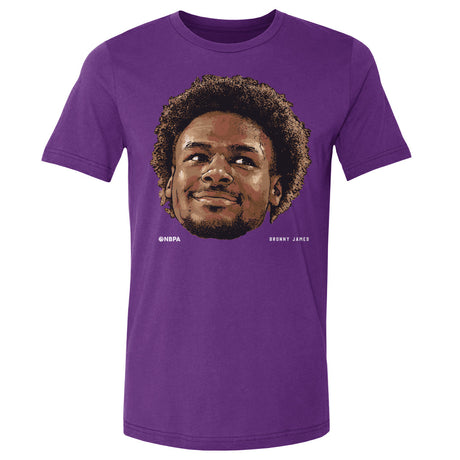 Bronny James Jr. Men's Cotton T-Shirt | 500 LEVEL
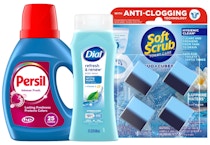 2 Persil + 1 Dial + 2 Soft Scrub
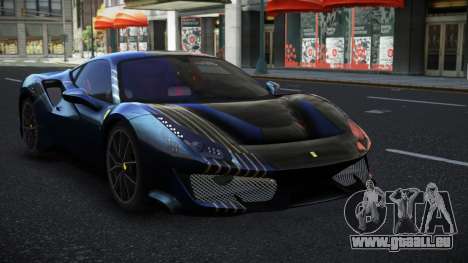 Ferrari 488 Viersa S10 pour GTA 4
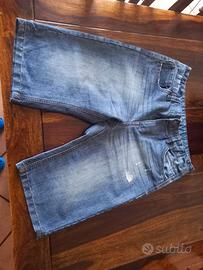 bermuda  ragazzo  jeans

--*--

Would you write out exactly the lines of the data from the one holding "Ferrari 488 Viersa S10 pour GTA 4" to the final line, both included, with pictures left out?

 Ferrari 488 Viersa S10 pour GTA 4
 bermuda  ragazzo  jeans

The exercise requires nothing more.